We are lucky in the Northwest to be having a sunny spell. A long overdue sunny spell. You can really fell the jump toward spring, the birds are singing more and dandelions begin to pock the lawn. But it’s the sun, so warm ,so bright that gets all the credit for our good moods these days.
I’m busy in the garden again. Pruning shrubs. Cutting back the last of the perennials. Hopefully fertilizing. I’m as busy as the flocks of robins gorging on the waking insects, getting drunk on the fermenting cotoneaster berries.
I’m a little drunk myself, on sunshine. The gray diffuse sheen we called days these passed weeks was hard . Weather dependent, I guess that’s what I am.
The English novelist Julian Barnes wanted to entitled his first novel “No Weather”. Actually as a young writer he vowed to never write about the weather. I don’t know if he managed it, but it seems to me like a perverse literary pretense. Maybe he felt that the weather was too mundane for great fiction, or that “the most popular subject of conversation” would bog down his fleet stories. I don’t know how you could leave it out. Weather influences everyone and everything. It is the common denominator. No matter your religion, race, political affiliation or sexual orientation weather, like love, will get you. Maybe it this incredible loss of control in the face of weather that makes us human.

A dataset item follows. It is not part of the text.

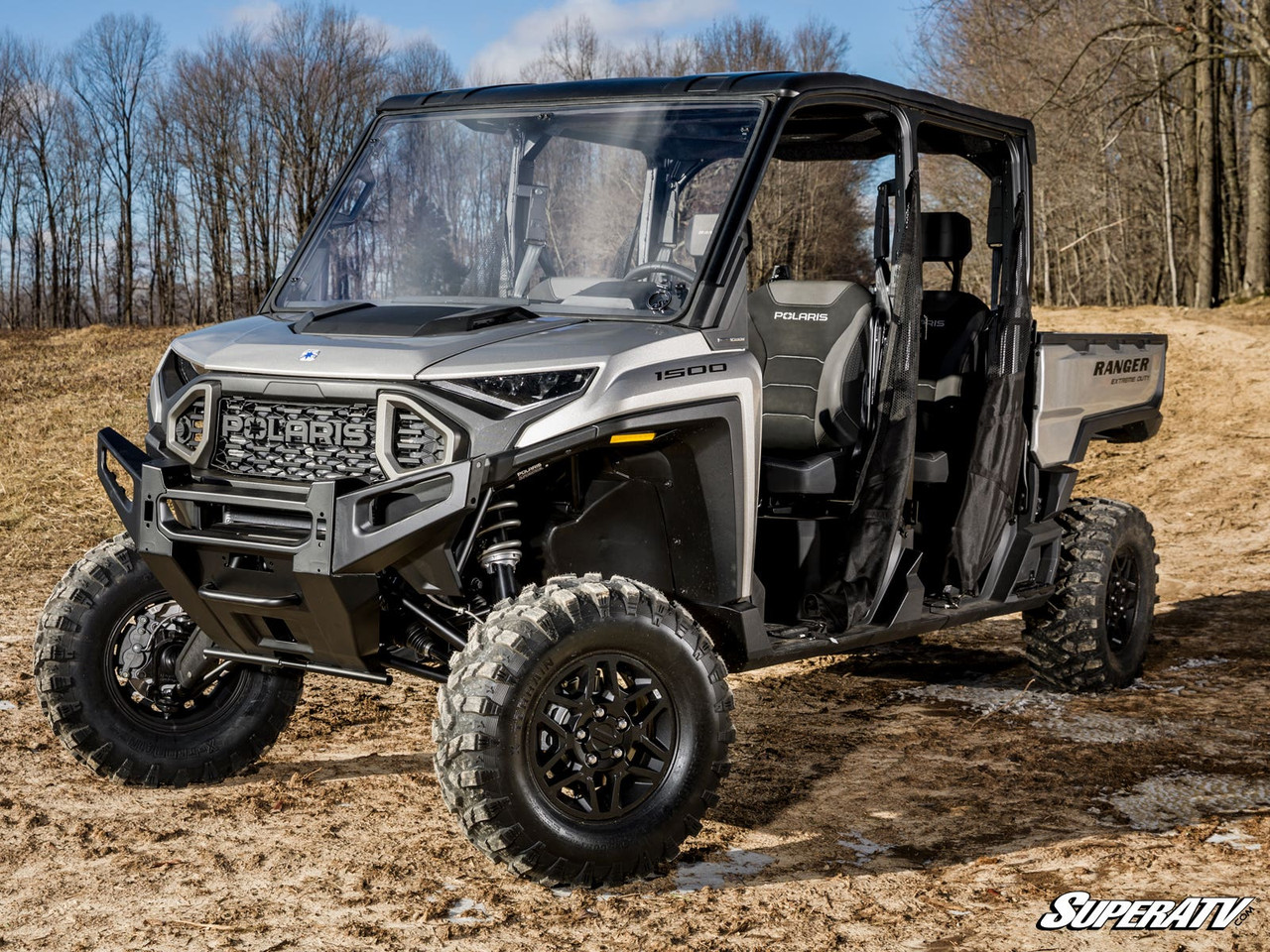 Polaris Ranger XD 1500 Scratch-Resistant Full Windshield by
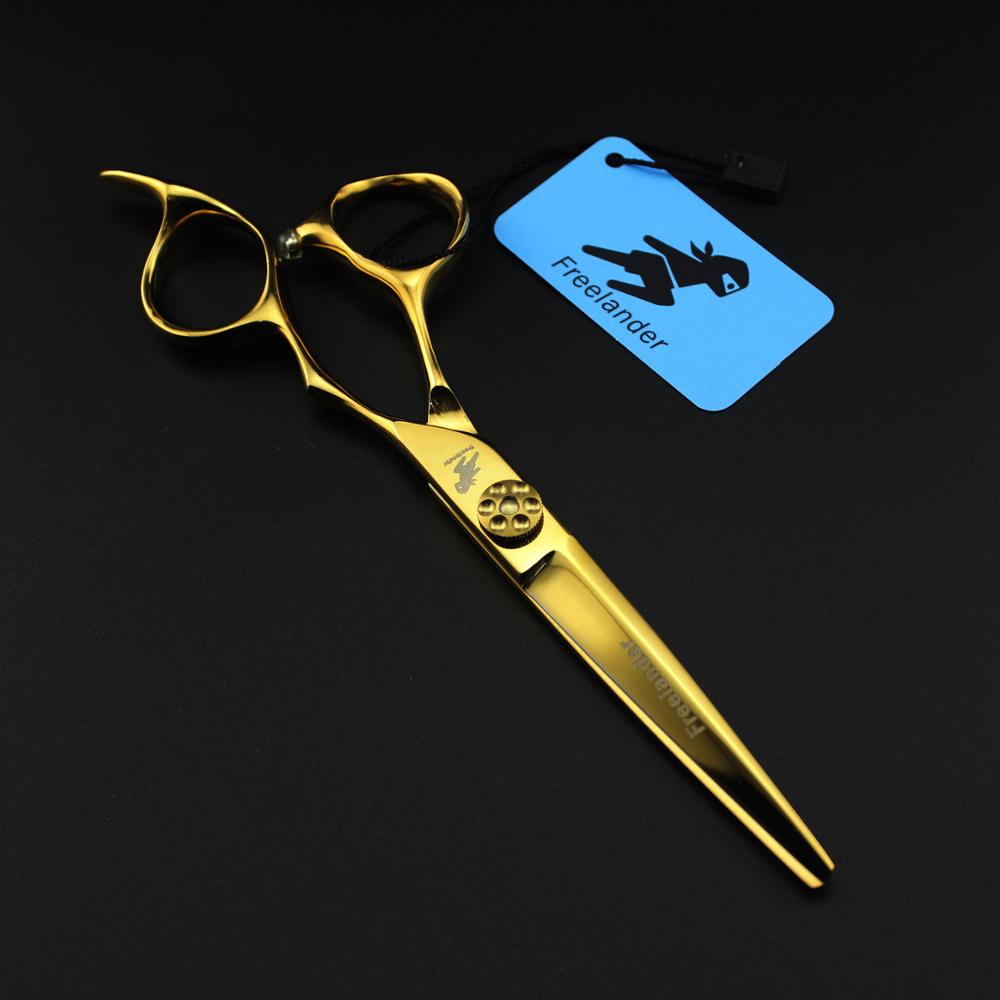 Haargereedschap huishoudelijke kappersscharen gereedschap 6 inch kapperssalon scherpe kappersschaar gouden dikke ringgreep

Look at London. Big powerful London. Modern fast moving London, shut down by 4 inches of snow. Julian Barnes lives in London. I wonder what he’s thinking about weather now. Was he part of the throngs of Londoners who came out to play, because everything else was impossible? Does he look for a sunny spot on a park bench in February?
Last night I went out to say good night to the stars. It’s a silly little bedtime ritual I’ve initiated since I’ve moved to the country. As if they were my children, or I, theirs. The moon and Jupiter were icy white and brightly haloed. The temperatures had already dropped below freezing. If it were summer I might have lied on the deck and soaked up some star light, but a thin layer of ice was already forming and i was longing for bed.
By morning the world was frosted. I had to scrape the windshield, but that was a small price to pay for being able to see the sunrise.